Physicist to Shed Light on an Emerging Field in Physics
Bo Zhen, an assistant professor of physics, has been awarded a Young Investigator Grant from the Air Force Office of Scientific Research. Zhen will receive $450,000 for a three-year period to investigate non-Hermitian topological photonics.
In the past decade, topology, a branch of the mathematics studying the preserved properties of objects under continuous deformations, has received an increasing amount of attention in physics. From a topological point of view, a coffee mug and a donut are the same. Since each object has one hole, it is possible for the donut to morph into a mug through continuous deformations: one would simply make a depression into one side of the donut to make the mug and shrink the donut's hole to make the mug's handle. This sort of abstraction, Zhen said, gives way to new properties in physics and interesting applications in practice.
“When you design something, you usually think about the geometric aspect of it,” Zhen says. “If we were designing a pipeline to talk to each other, what we would care about is the geometry of the pipe.

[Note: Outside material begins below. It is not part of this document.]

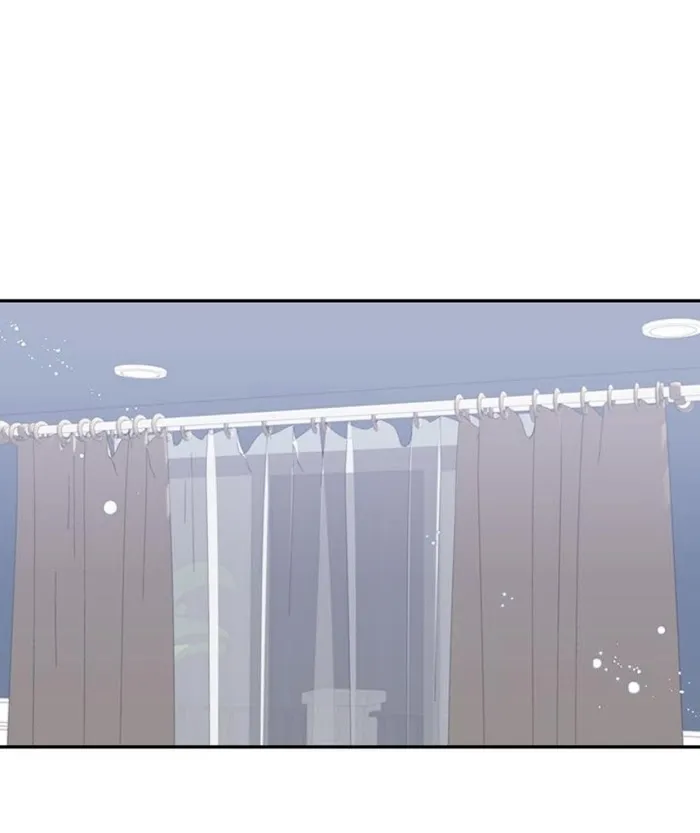 Cherry Blossoms After Winter - Chapter 140 Page 22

Along the pipe, we would try to make sure the shape never changes because if you change it somehow, say if you block it by half, there will be back reflection and the transmission will not be perfect. Any imperfection degrades your performance. But it's very hard to keep the geometric aspect to be exactly the same across the whole pipe. So we start to think about whether it is possible to rely on some other property that is much easier to maintain and still protect us from this kind of degradation. One solution is to use the concept of topology and build a new type of transmission line where the exact geometry doesn't matter: we can put as much disorder along the path as we want but the transmission will always be perfect.”